Over 300,000 U.S. students study abroad each year and that number is growing. David Suomi, a Risk Management Consultant with Travel Document Systems (TDS), recently had the opportunity to speak with Scott Lockman, Sr. Vice President at Assurance, about what academic institutions – and families who are preparing to send a student overseas – should be thinking about for the best possible outcome.
TDS: Most academic institutions today who offer study abroad programs have a process in place for preparing students before they leave the United States, but what other things should they be thinking about?.
Lockman: You're right, most institutions will have some sort of process – whether it's a training or a one-on-one with a campus representative. After all, the student is traveling abroad and will be a representative for their school. Universities want to ensure their students are prepared for different scenarios. But I'd submit it's not only important for universities to have a documented process for outbound students, they should also have a re-entry plan when they finish their studies. There can often be an adjustment period for students as they return to what had previously been their typical school schedule. Presumably, they've been exposed to different cultures, languages, and people, and this should be celebrated and discussed upon their return.
TDS: You mention exposure to different cultures. Do you think it's important for universities to provide cultural and security training to outbound students?
Lockman: Yes, definitely. Students should have a sense of what will be expected of them culturally once they arrive at their destination. Topics include currency, customs, and traditions. It's also important in today's international climate that students are trained on how to respond to any potential security threats and/or danger while traveling abroad. Accidents happen, and students should always know where the closest U.S. Embassy is located and have the phone number saved in both their mobile device and also stored in their TDS Document Profile Locker.
Pertaining to culture, it's important for students to understand the local drug and alcohol laws at their destination.
TDS: People get sick, whether they're traveling or not.
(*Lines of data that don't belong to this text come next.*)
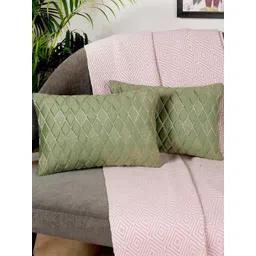 Designer Rectangle Cushion Covers 12x18 Set of 2 | Premium Velvet Sofa Throw Pillow Covers | Stylish Modern Home Dcor | Green Color-image-23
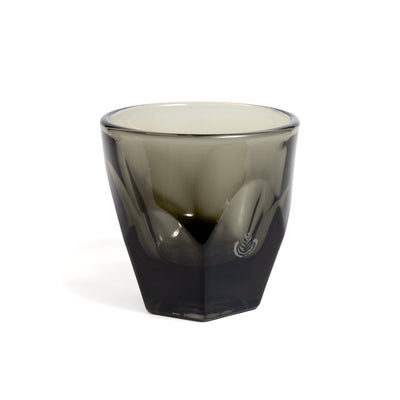 Black Vero Glass with Temple Rosetta Engraving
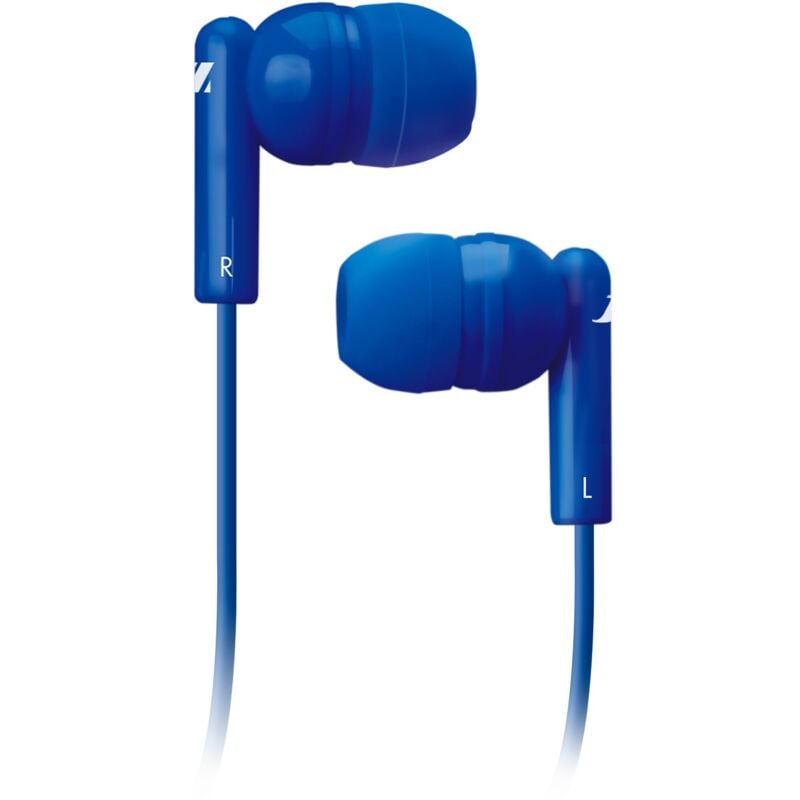 foto del prodotto sbs auricolari con cavo jack 3,5mm da 1,2m microfono integrato e tasto risposta fine chiamata blu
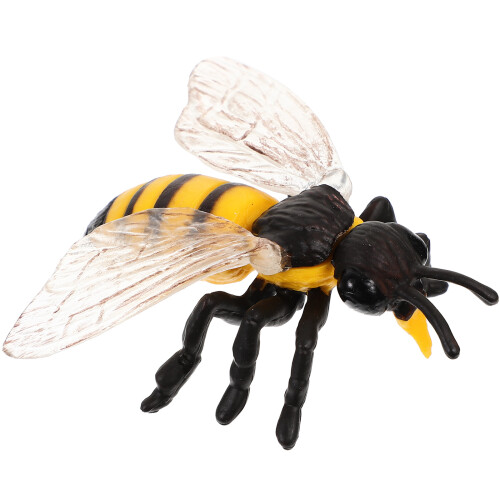 1Pc Bee Figurine Realistic Plastic Animal Model Educational Toy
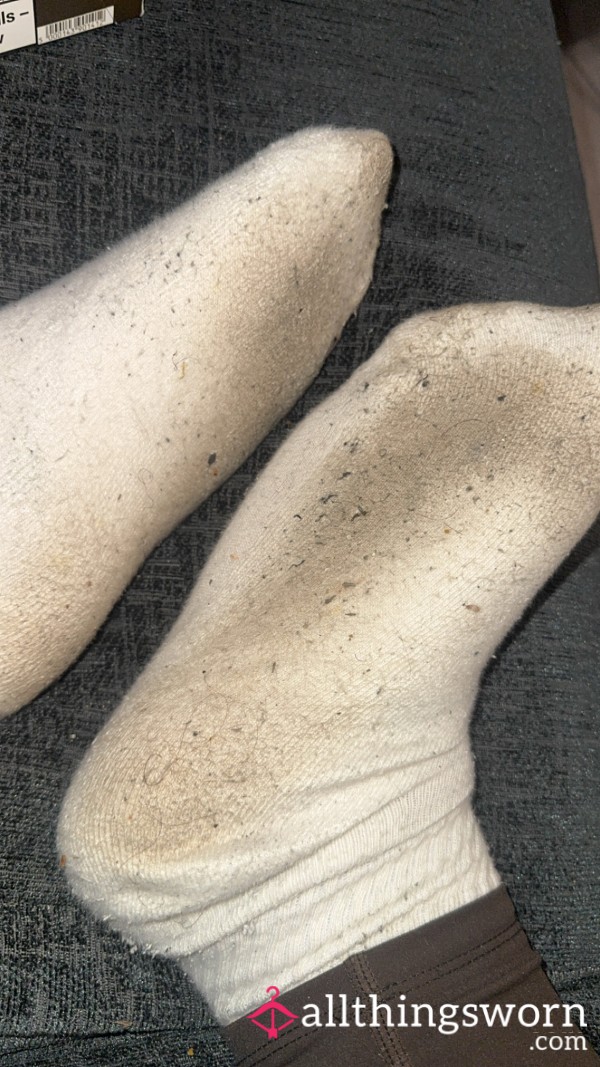 Thick Dirty White Socks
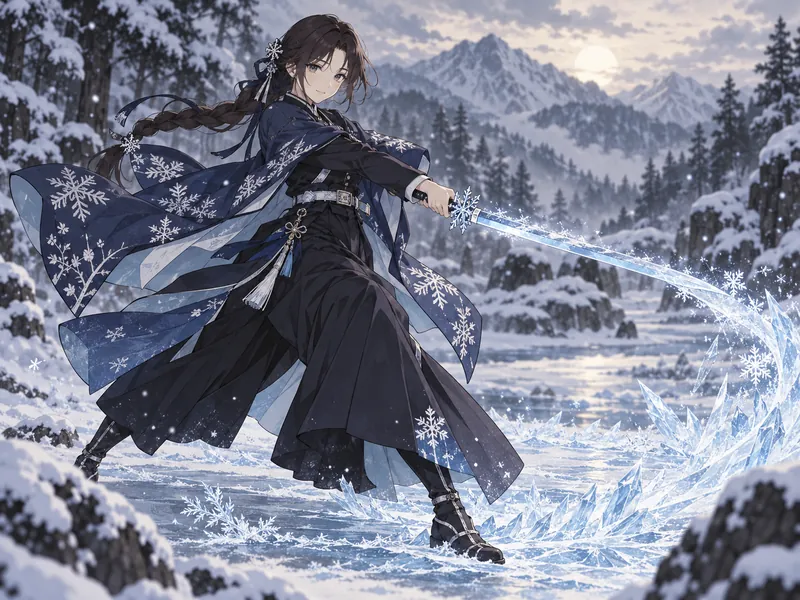 Tsubaki Hoshikawa, a snow hashira OC idea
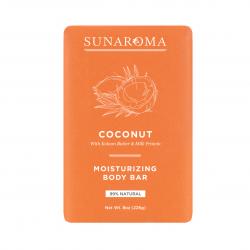 SUNAROMA - Coconut Moisturizing Body Bar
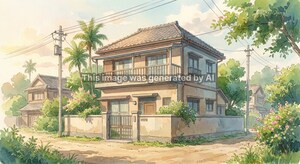  Independent House – Exterior View View at Chevuturu - for Sale
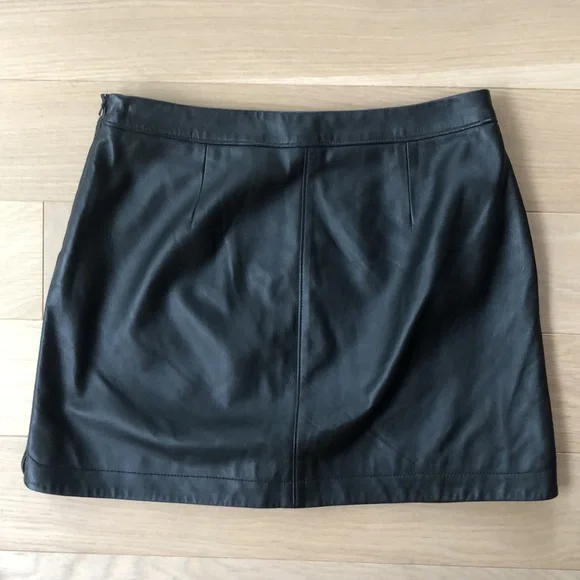 Joie lamb leather mini skirt - Picture 7 of 12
What should students know about their healthcare insurance?
Lockman: Healthcare is always a top concern when students are studying abroad. People get sick, accidents happen, and universities need to ensure they've prepared for the worst case scenario. From an internal perspective, we recommend the university researches each city/country to which students are traveling and have a list of approved medical institutions.
Students will need to take responsibility and check in with their health insurer to see if their policy includes coverage for international medical evacuation. We can't stress enough how important it is to understand your health care coverage.
Another important factor is prescriptions. If the student takes medication, they need to be sure they can continue to source that medication abroad. Are vaccinations up to date?
(Click here for a list of vaccinations by country)
TDS: Do certain countries offer local health insurance?
Lockman: Some countries demand that travelers who are staying for a certain period of time have local health insurance policies. To know if that applies to a particular situation, I recommend checking with the university or the local embassy in the United States. Again, do your research and work with a reputable company. Understand the rating of the company providing your coverage and what the policy covers.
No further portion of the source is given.